Your answer should be the lines below from the one with "WRITWAA 2 Pairs" to the one with "Miniatura 12 de", both included, given again exactly and with nothing added.

(RECORDS TO PROCESS)

════════

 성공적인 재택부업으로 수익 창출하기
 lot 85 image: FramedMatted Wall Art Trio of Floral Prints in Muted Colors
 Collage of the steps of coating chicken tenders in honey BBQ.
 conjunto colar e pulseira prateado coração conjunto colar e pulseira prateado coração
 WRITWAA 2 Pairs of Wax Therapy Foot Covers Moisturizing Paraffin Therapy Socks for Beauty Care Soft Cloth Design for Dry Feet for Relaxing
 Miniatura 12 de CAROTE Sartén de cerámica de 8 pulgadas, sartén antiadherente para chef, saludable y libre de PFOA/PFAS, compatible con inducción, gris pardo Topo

════════

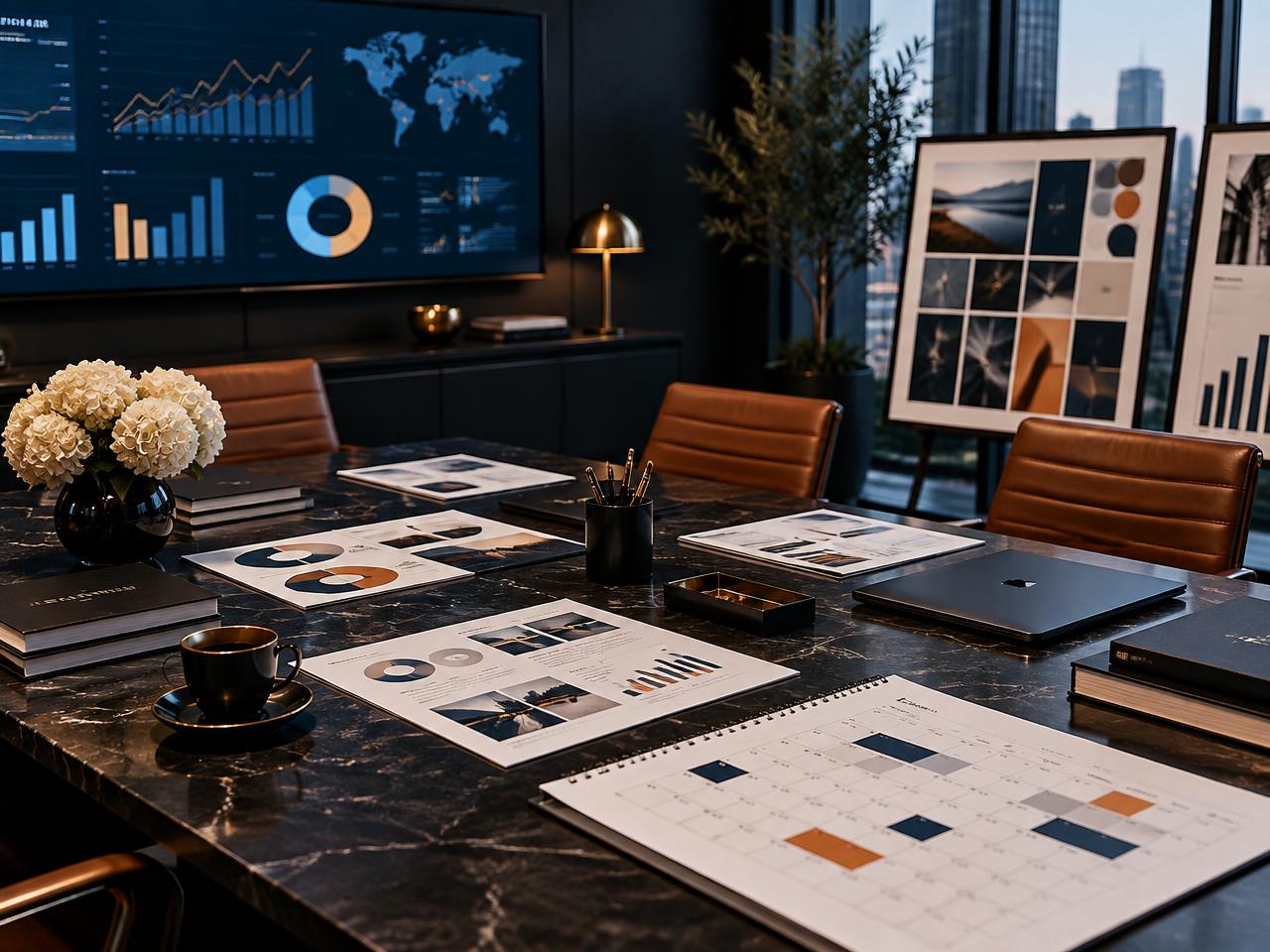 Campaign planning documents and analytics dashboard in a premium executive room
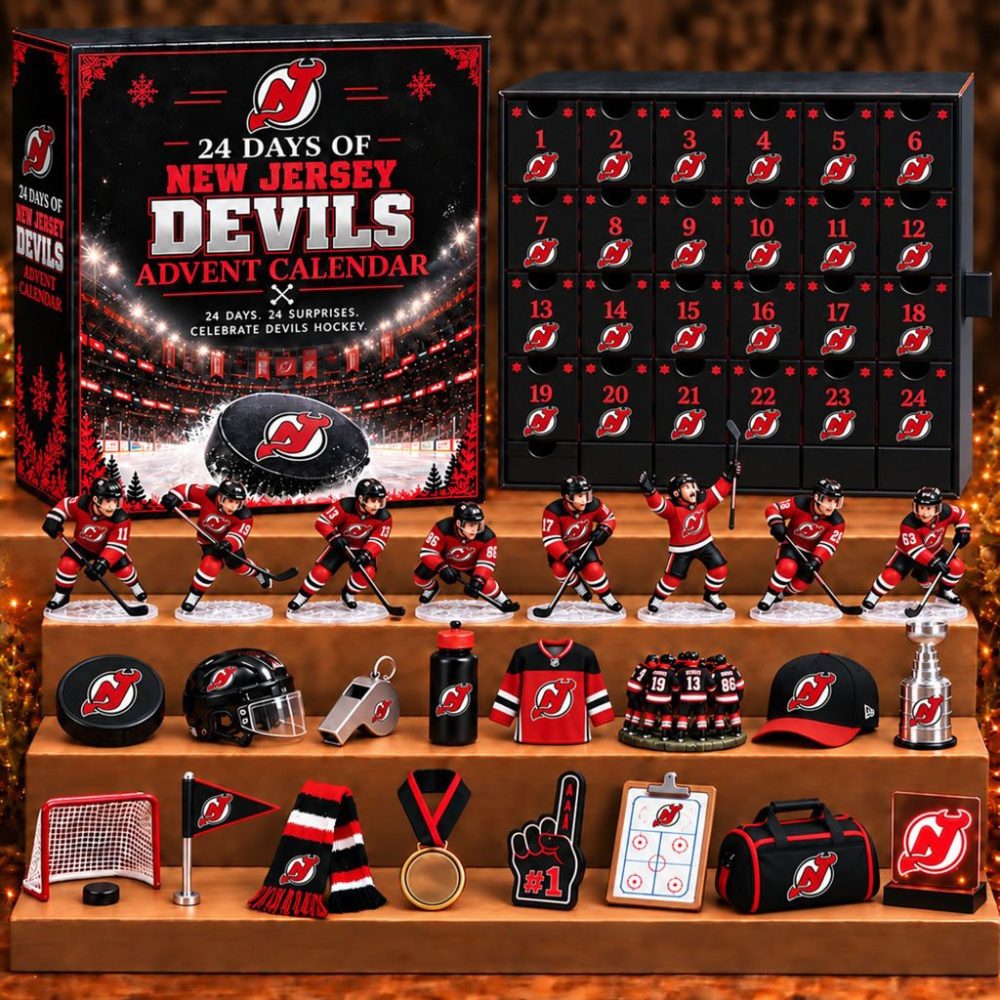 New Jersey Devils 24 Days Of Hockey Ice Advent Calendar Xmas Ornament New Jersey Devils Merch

════════

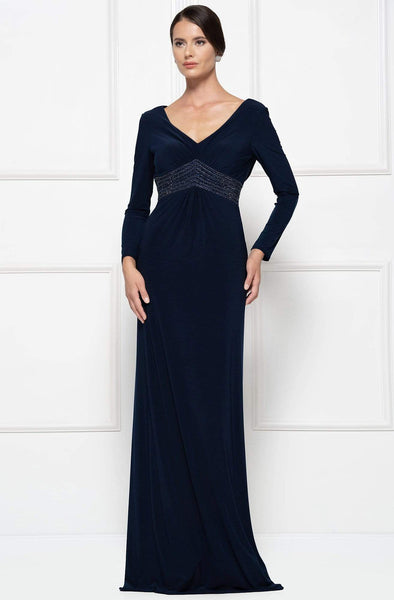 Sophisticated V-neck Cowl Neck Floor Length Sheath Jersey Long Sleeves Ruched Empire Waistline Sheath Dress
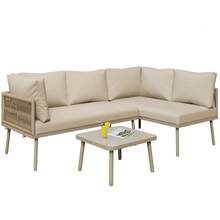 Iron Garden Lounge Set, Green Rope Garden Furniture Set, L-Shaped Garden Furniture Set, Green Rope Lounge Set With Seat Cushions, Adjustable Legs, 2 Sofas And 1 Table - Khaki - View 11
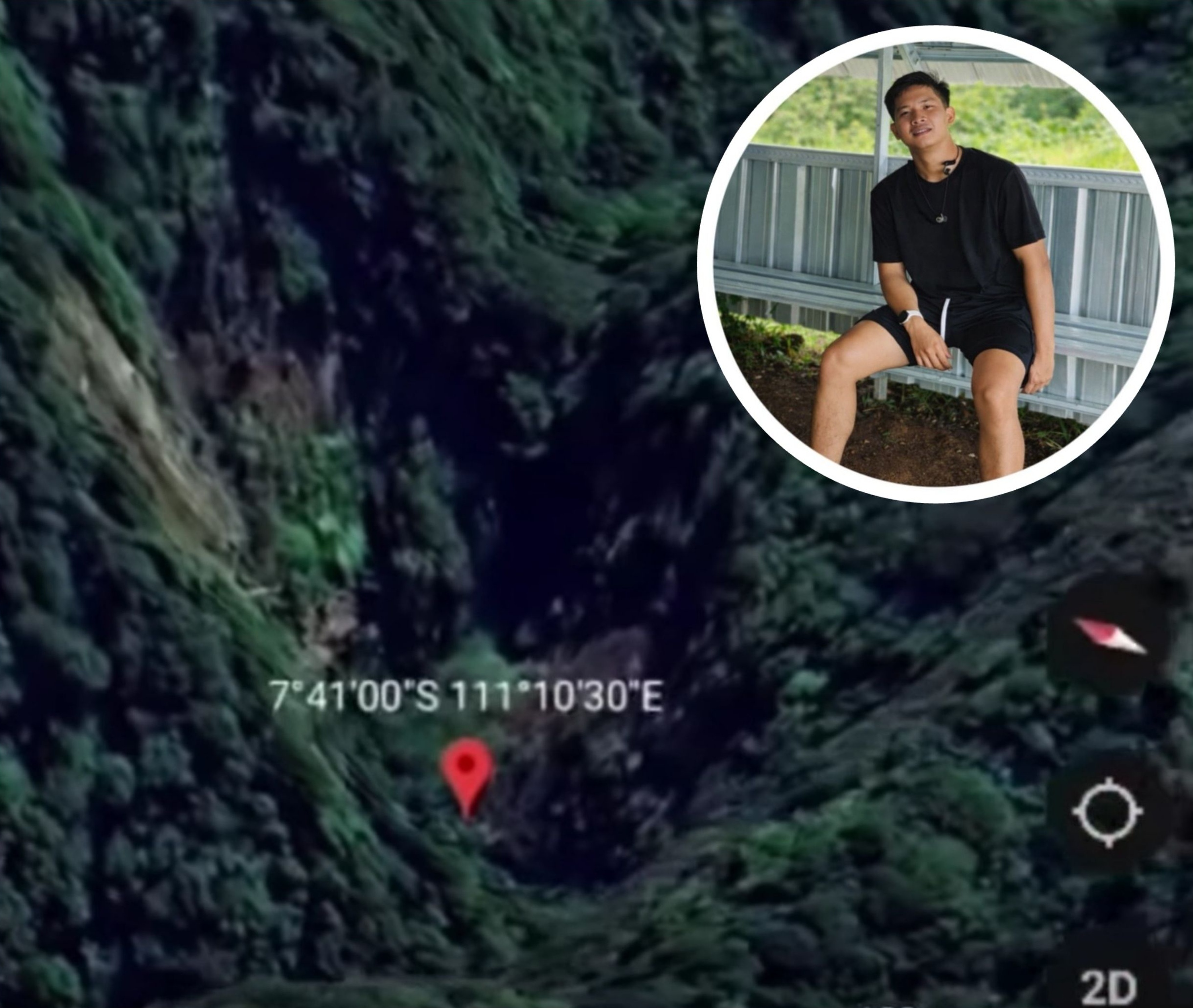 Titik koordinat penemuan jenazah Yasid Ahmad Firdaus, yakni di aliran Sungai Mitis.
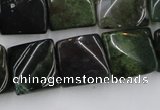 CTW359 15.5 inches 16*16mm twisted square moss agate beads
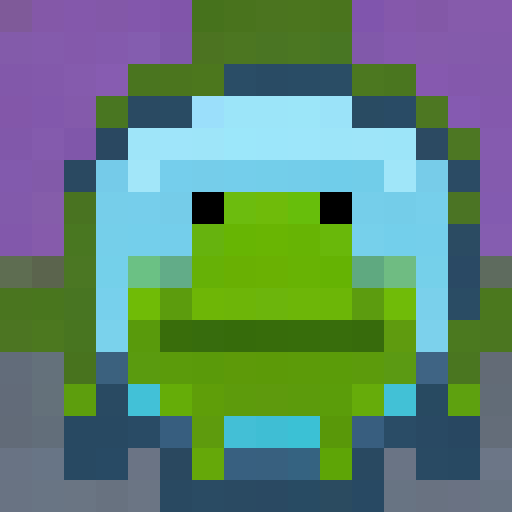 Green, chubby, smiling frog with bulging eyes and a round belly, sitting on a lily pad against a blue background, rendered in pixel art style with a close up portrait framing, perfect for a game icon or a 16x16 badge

════════

(EXERCISE RESULT)
 WRITWAA 2 Pairs of Wax Therapy Foot Covers Moisturizing Paraffin Therapy Socks for Beauty Care Soft Cloth Design for Dry Feet for Relaxing
 Miniatura 12 de CAROTE Sartén de cerámica de 8 pulgadas, sartén antiadherente para chef, saludable y libre de PFOA/PFAS, compatible con inducción, gris pardo Topo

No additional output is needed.